John Calvin Commentary 1 Corinthians 10:16

John Calvin Commentary

1 Corinthians 10:16

1509–1564
Protestant
John Calvin
John Calvin

John Calvin Commentary

1 Corinthians 10:16

1509–1564
Protestant
SCRIPTURE

"The cup of blessing which we bless, is it not a communion of the blood of Christ? The bread which we break, is it not a communion of the body of Christ?" — 1 Corinthians 10:16 (ASV)

The cup of blessing. While the sacred Supper of Christ has two elements—bread and wine—he begins with the second. He calls it the cup of blessing, as having been set apart for a mystical benediction. For I do not agree with those who understand blessing to mean thanksgiving, and interpret the verb to bless as meaning to give thanks. I acknowledge, indeed, that it is sometimes employed in this sense, but never in the construction that Paul has used here, for the idea of Erasmus, about supplying a preposition, is exceedingly forced. On the other hand, the meaning that I adopt is easy and has no intricacy.

To bless the cup, then, is to set it apart for this purpose: that it may be for us an emblem of the blood of Christ. This is done by the word of promise when believers meet together according to Christ’s appointment to celebrate the remembrance of His death in this Sacrament.

The consecration, however, which the Papists use, is a kind of sorcery derived from heathens, which has nothing in common with the pure rite observed by Christians.

Everything, it is true, that we eat is sanctified by the word of God, as Paul himself elsewhere bears witness (1 Timothy 4:5); but that blessing is for a different purpose—that our use of the gifts of God may be pure and may tend to the glory of their Author and to our advantage.

On the other hand, the design of the mystical blessing in the Supper is that the wine may no longer be a common beverage but set apart for the spiritual nourishment of the soul, while it is an emblem of the blood of Christ.

Paul says that the cup which has been blessed in this manner is κοινωνία—the communion of the blood of the Lord.
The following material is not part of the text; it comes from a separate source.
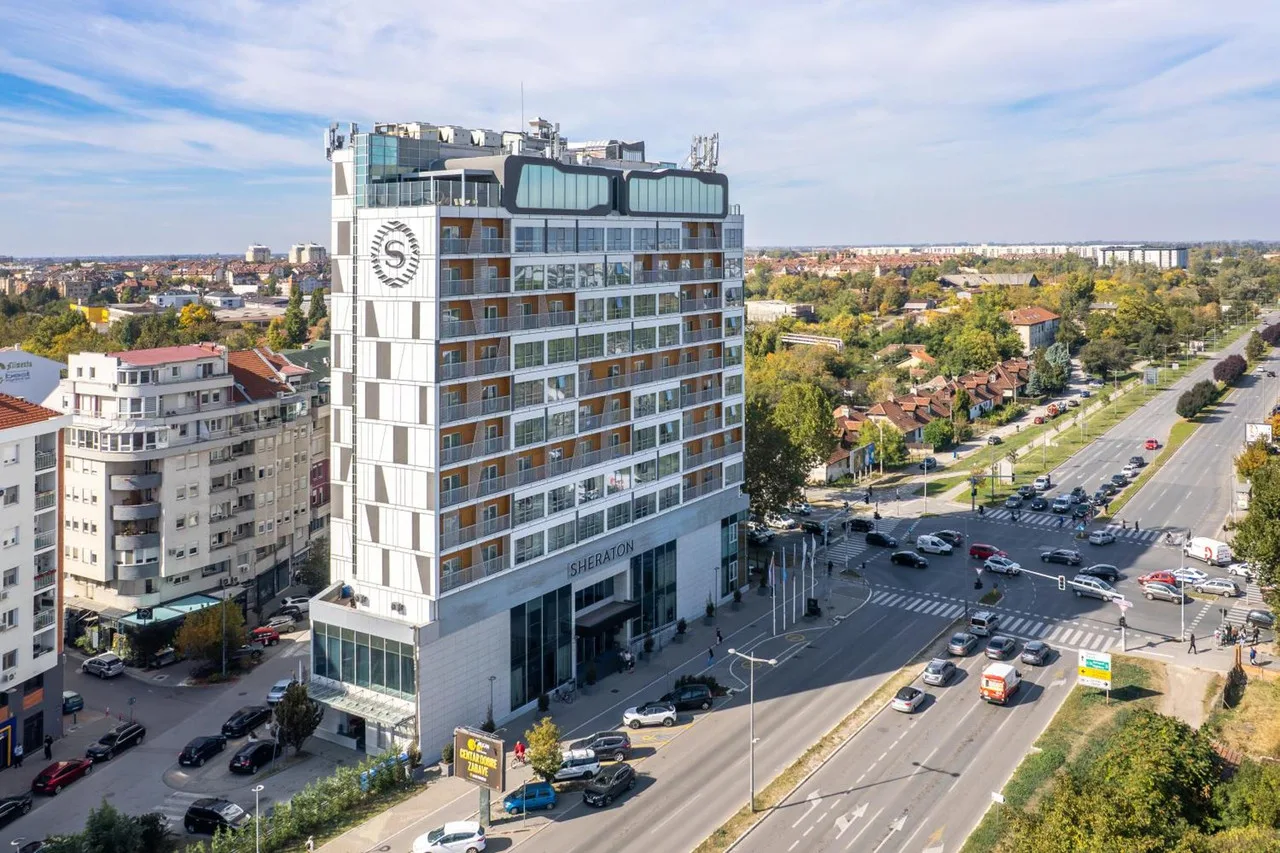 Sheraton Novi Sad — โนวีซาด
It is asked, in what sense? Let contention be avoided, and there will be no obscurity. It is true that believers are united together by Christ’s blood, so as to become one body. It is also true that a unity of this kind is properly called κοινωνία (communion). I make the same acknowledgment regarding the bread. Further, I observe what Paul immediately adds, as it were, by way of explanation—that we all become one body, because we are together partakers of the same bread. But from where, I ask you, comes that κοινωνία (communion) between us, if not from this: that we are united to Christ in such a way that

we are flesh of His flesh, and bone of His bones?
(Ephesians 5:30).

For we must first of all be incorporated (so to speak) into Christ, so that we may be united to each other. In addition to this, Paul is not disputing at present merely about a mutual fellowship among people, but about the spiritual union between Christ and believers, with the aim of drawing from this the conclusion that it is an intolerable sacrilege for them to be polluted by fellowship with idols. From the connection of the passage, therefore, we may conclude that κοινωνία, the communion of the blood, is that connection which we have with the blood of Christ, when He engrafts all of us together into His body, that He may live in us, and we in Him.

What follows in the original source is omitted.